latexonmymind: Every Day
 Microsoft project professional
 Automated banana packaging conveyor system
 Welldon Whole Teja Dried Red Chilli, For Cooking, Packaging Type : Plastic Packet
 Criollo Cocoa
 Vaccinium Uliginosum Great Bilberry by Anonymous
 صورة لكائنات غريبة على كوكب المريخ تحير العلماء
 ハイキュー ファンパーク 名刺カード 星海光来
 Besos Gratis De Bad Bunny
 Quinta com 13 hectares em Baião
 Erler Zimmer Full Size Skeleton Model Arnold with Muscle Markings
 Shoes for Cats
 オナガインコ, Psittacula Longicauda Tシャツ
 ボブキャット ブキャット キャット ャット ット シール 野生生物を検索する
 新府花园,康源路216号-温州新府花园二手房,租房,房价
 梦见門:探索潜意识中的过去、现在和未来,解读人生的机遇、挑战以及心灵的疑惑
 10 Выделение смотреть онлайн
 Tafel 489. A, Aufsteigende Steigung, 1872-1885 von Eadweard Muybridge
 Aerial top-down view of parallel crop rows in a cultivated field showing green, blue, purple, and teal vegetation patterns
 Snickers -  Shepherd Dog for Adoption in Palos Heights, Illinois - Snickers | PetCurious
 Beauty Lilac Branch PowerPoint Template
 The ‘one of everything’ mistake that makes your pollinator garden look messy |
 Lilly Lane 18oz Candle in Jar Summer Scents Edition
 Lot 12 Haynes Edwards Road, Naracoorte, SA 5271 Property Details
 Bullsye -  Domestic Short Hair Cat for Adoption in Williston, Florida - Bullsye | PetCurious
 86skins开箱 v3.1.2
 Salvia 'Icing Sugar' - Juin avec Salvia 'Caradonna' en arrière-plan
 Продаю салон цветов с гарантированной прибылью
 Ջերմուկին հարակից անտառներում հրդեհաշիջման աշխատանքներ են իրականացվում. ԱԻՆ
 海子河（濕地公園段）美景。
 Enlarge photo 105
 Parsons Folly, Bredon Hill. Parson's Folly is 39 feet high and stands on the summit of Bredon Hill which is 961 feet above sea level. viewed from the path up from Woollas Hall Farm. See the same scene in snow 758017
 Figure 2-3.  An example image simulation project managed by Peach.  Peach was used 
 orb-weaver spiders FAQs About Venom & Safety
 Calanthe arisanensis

----

** YOUR TASK **
Across the listing above, find all lines where the word "project" is present and copy them.

** OUTPUT FOR THIS EXERCISE **
 Microsoft project professional
 Figure 2-3.  An example image simulation project managed by Peach.  Peach was used 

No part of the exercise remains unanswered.